§ Exercise details:
With the pictures omitted, print exactly the lines below, from the one containing "Step inside to" through the one containing "an empty living", and nothing else.

§ Source material:
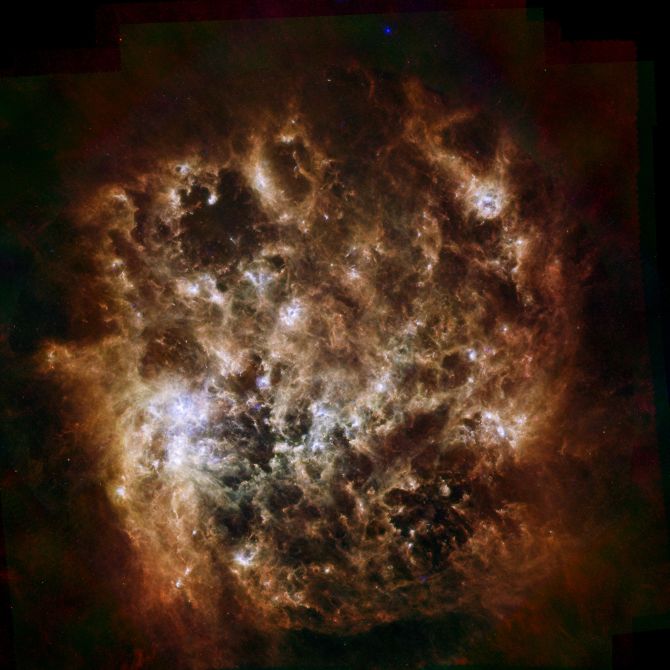 The Large Magellanic Cloud galaxy in infrared light seen by the Herschel Space Observatory and NASA's Spitzer Space Telescope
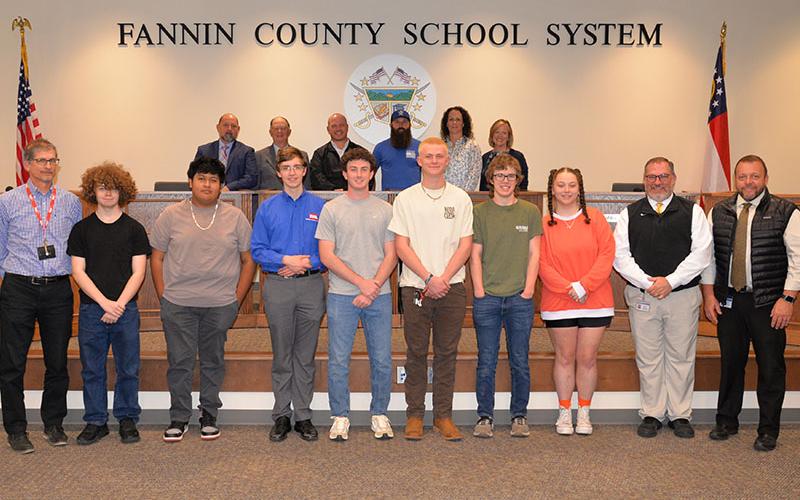 Fannin County High School TSA members, from left, front, CTAE teacher Parry Ruder, Chevy Phillips, Kevin Tzun, James Burrell, Kyle Conner, Aiden Carder, Castle Barnett, Fox Sharp, CTAE Supervisor David Henson and Principal Dr. Scott Ramsey; back, board members, Chairman Mike Cole, Bobby Bearden, Adam Born, Robert Patterson, Ashley Herendon-Weeks and Superintendent Shannon Dillard.
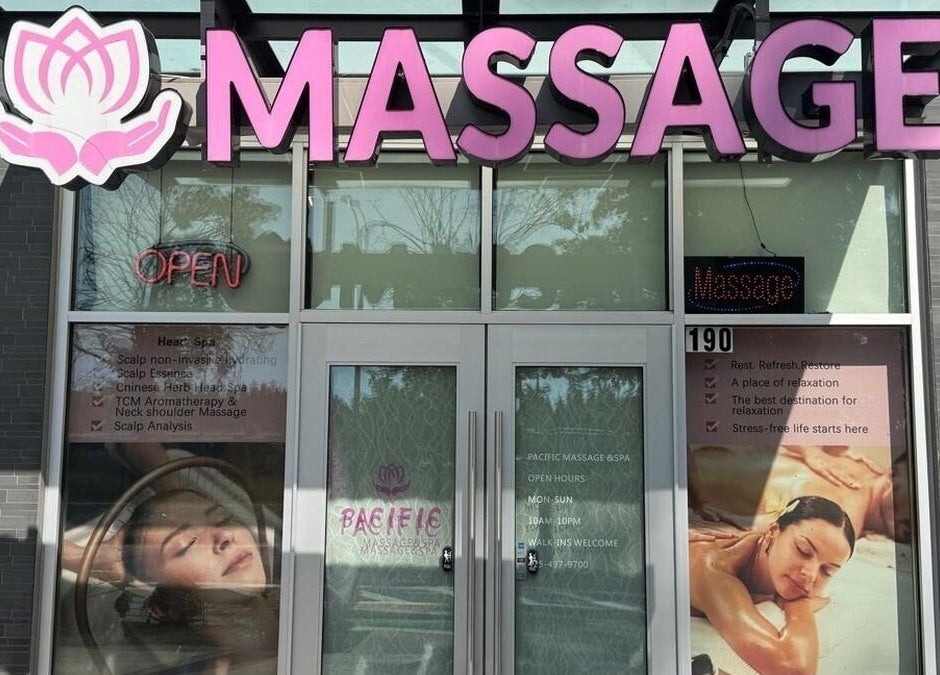 Front view of Pacific Massage & Head Spa in Redmond, Washington, US with welcoming open sign.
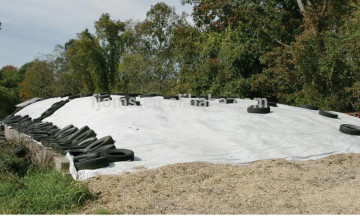 Reinforced plastic silage coveing for silage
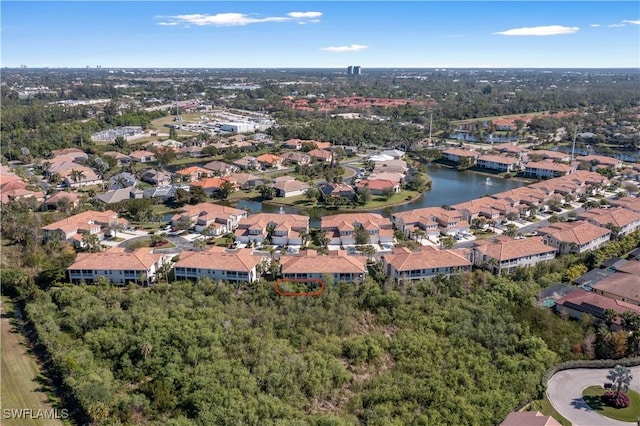 bird's eye view featuring a residential view and a water view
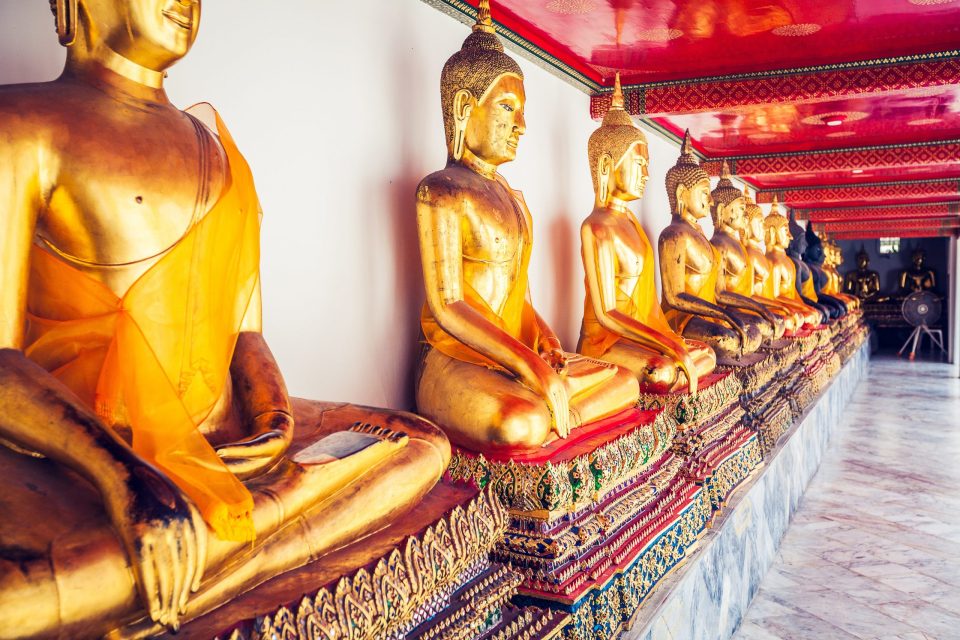 The interior of a temple with a row of seated golden Buddha statues draped in orange cloth.
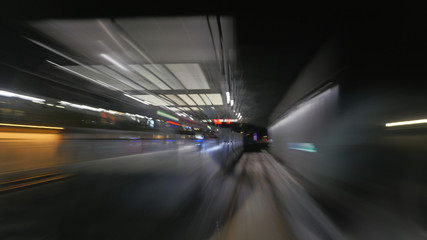 Reflection of subway tunnel in train's window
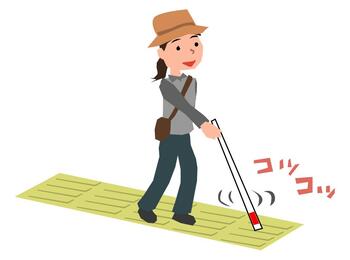 点字ブロックを歩く白状を持った女性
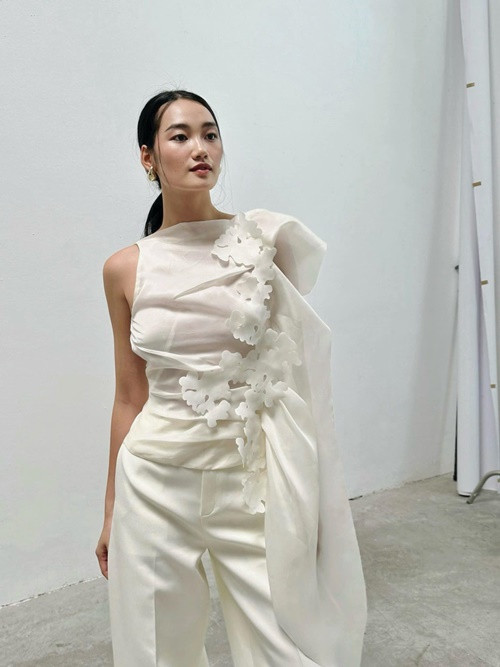 Nguyễn Quỳnh Anh - Á hậu 1 của Miss Universe Vietnam 2024 chia sẻ, gia đình cô có truyền thống trong ngành công an và bộ đội. Ảnh: FB Quỳnh Anh.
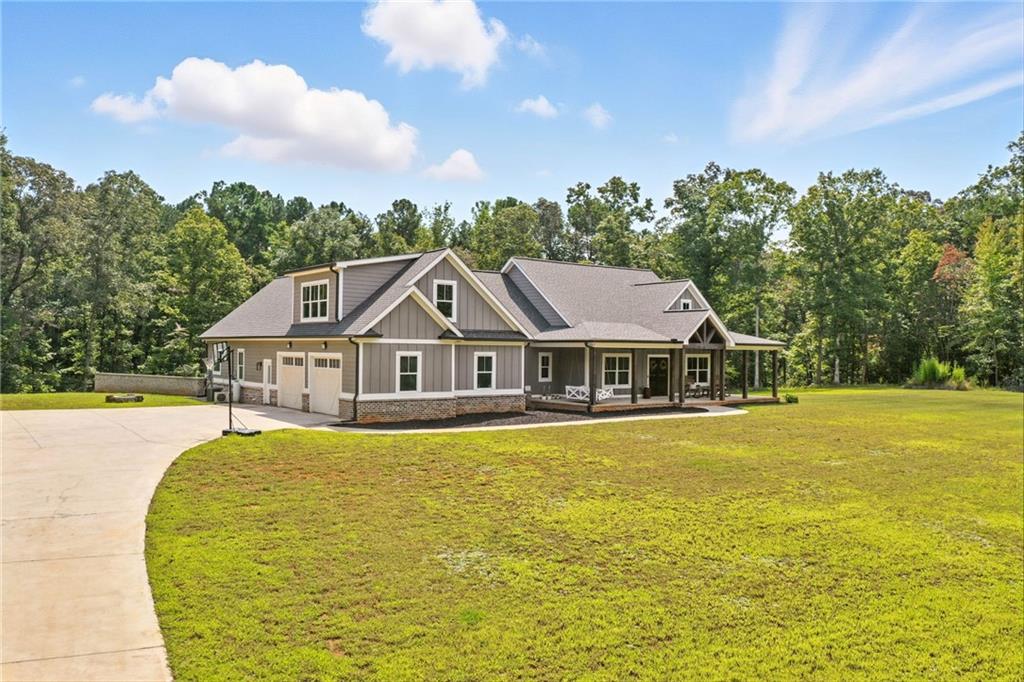 Custom-Built Private Estate on 8.49 Acres in Clayton Community of Canton, GA!
Discover this stunning 2022 custom-built home offering 3,554 sq. ft. of living space, featuring 5 bedrooms, 2.5 bathrooms and a full unfinished basement ready for your personal touch. Tucked away at the end of a long gravel drive that transitions to concrete near the home, this property provides unmatched privacy and tranquility, while still being just minutes from shopping, dining, and I-575.
Set on 8.49 acres, including 3 acres of open yard, there’s endless room for recreation, gardening, or even adding a detached garage or workshop. The oversized two-car garage boasts tall doors for larger vehicles, while the exterior showcases durable fiber cement siding, fascia, and soffit for low-maintenance living.
Step inside to an open floor plan with high-end finishes throughout. The vaulted great room and master suite create a grand, airy feel. The master retreat features a luxurious spa-like bath with a Jacuzzi tub, double-headed tile shower, and a large walk-in closet complete with shoe shelving and a hidden safe room. Additional highlights include hardwood flooring on the main level, tile in bathrooms, plush carpet in bedrooms, a spacious laundry room with sink and dog shower, and a tankless hot water heater.
Enjoy outdoor living at its finest on the vaulted covered back deck with an adjoining open-air section—perfect for entertaining or simply taking in the serene surroundings.
Located in the sought-after Clayton Community of Canton, this property offers the best of both worlds: peaceful seclusion with easy access to Riverstone Parkway, Downtown Canton, and beyond.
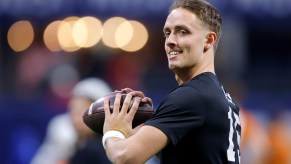 Quarterback Carson Beck throwing a football, the stadium in the background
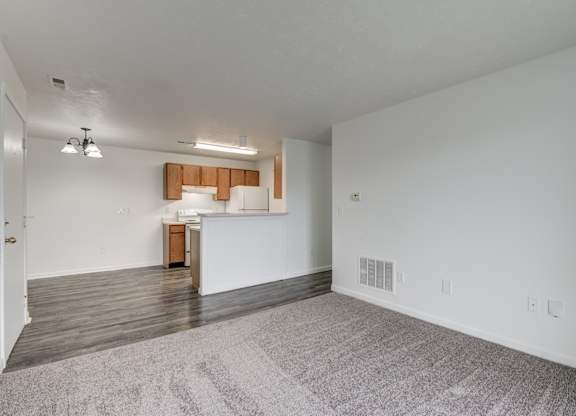an empty living room and kitchen with white walls and wood flooring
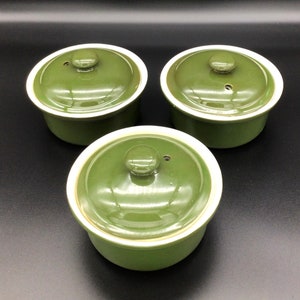 May include: Three green ceramic ramekins with lids. The ramekins have a white rim and a small hole in the lid.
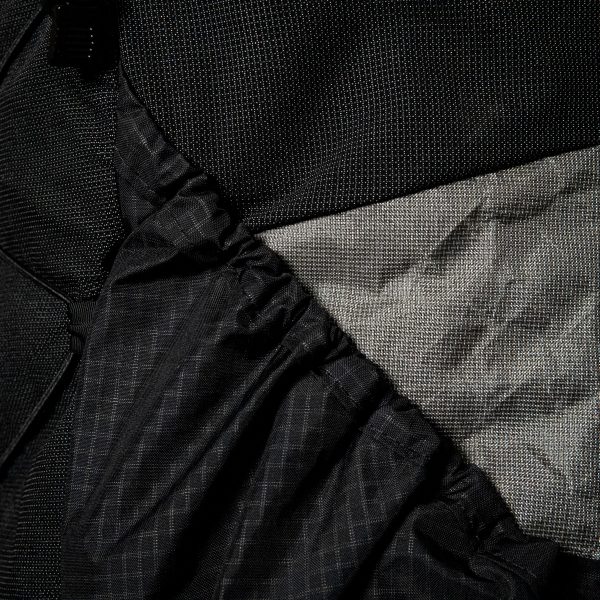 The stretchy side pocket detail on the Nexus backpack.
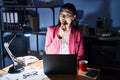 Chinese young woman working at the office at night looking confident at the camera smiling with crossed arms and hand raised on Royalty Free Stock Photo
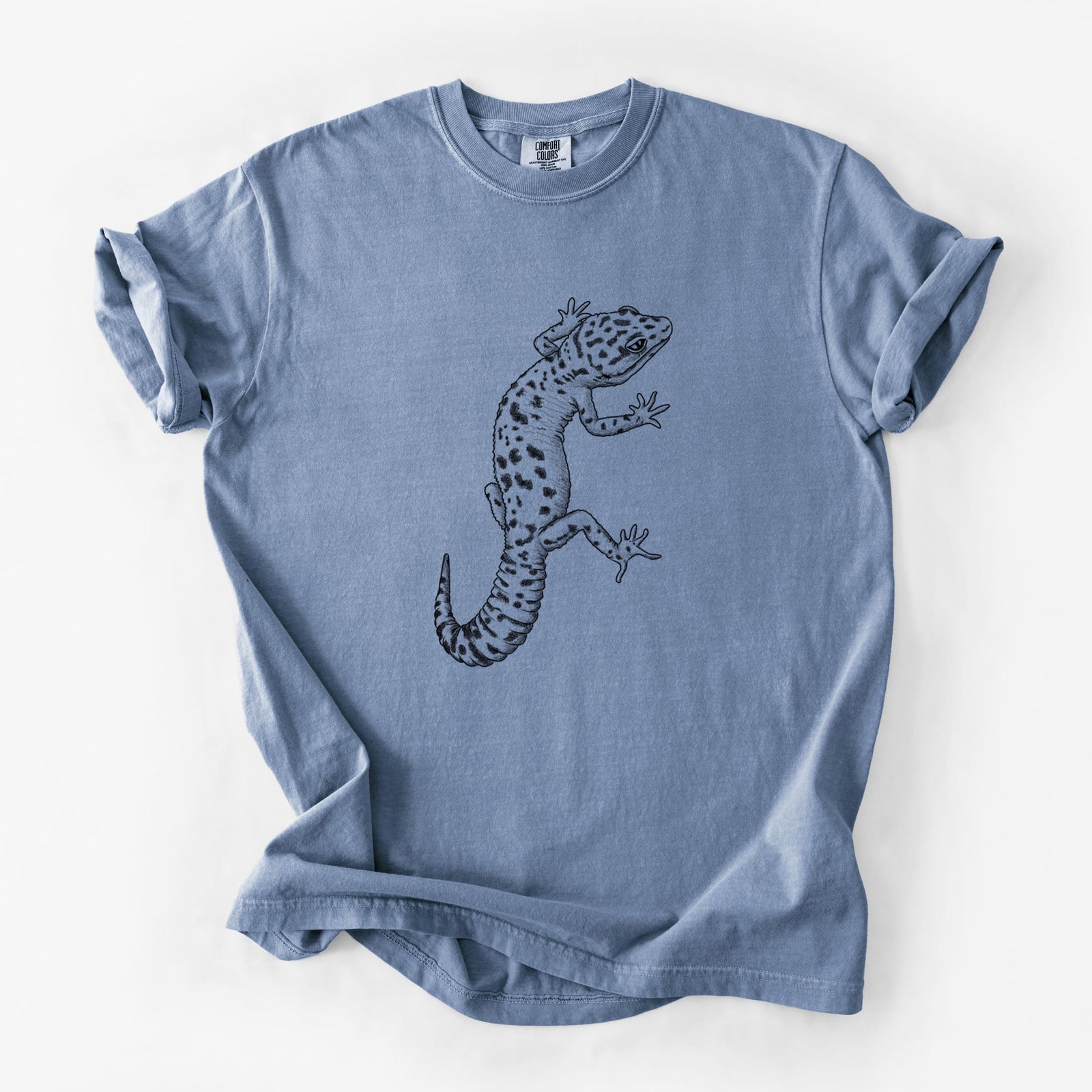 Blue jean Comfort Colors t-shirt laid flat, printed with a detailed black ink illustration of a spotted leopard gecko climbing.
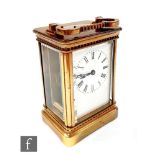 A 19th Century French brass carriage clock with white enameled dial in beveled glazed case and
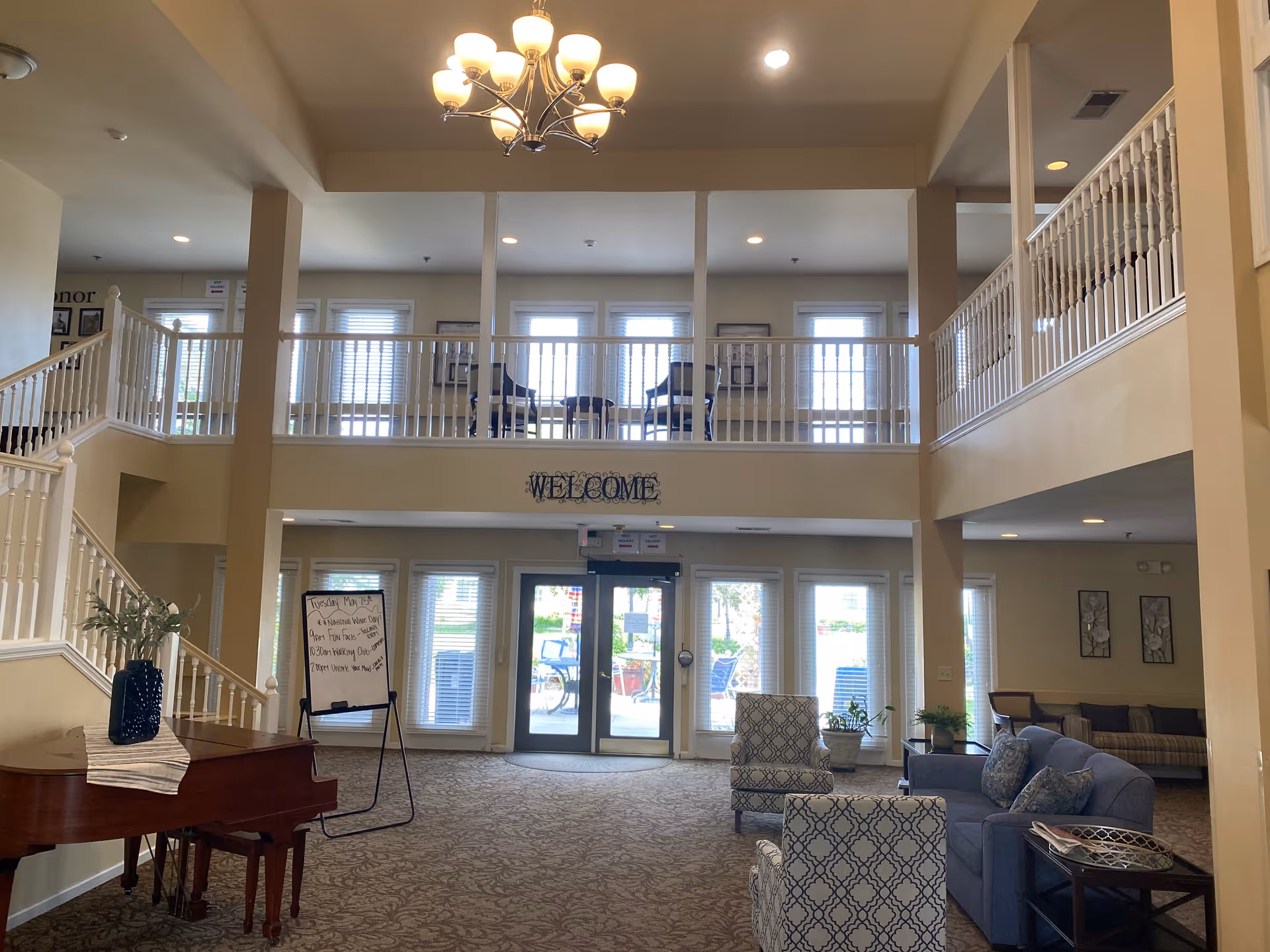 Spacious senior living facility lobby with high ceilings and a balcony overlooking the entrance. The area features a grand piano with a decorative vase, comfortable seating including patterned armchairs and a sofa, and a welcome sign above the main entrance doors. Large windows allow natural light to fill the space.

§ Answer box:
Step inside to an open floor plan with high-end finishes throughout. The vaulted great room and master suite create a grand, airy feel. The master retreat features a luxurious spa-like bath with a Jacuzzi tub, double-headed tile shower, and a large walk-in closet complete with shoe shelving and a hidden safe room. Additional highlights include hardwood flooring on the main level, tile in bathrooms, plush carpet in bedrooms, a spacious laundry room with sink and dog shower, and a tankless hot water heater.
Enjoy outdoor living at its finest on the vaulted covered back deck with an adjoining open-air section—perfect for entertaining or simply taking in the serene surroundings.
Located in the sought-after Clayton Community of Canton, this property offers the best of both worlds: peaceful seclusion with easy access to Riverstone Parkway, Downtown Canton, and beyond.
 Quarterback Carson Beck throwing a football, the stadium in the background
an empty living room and kitchen with white walls and wood flooring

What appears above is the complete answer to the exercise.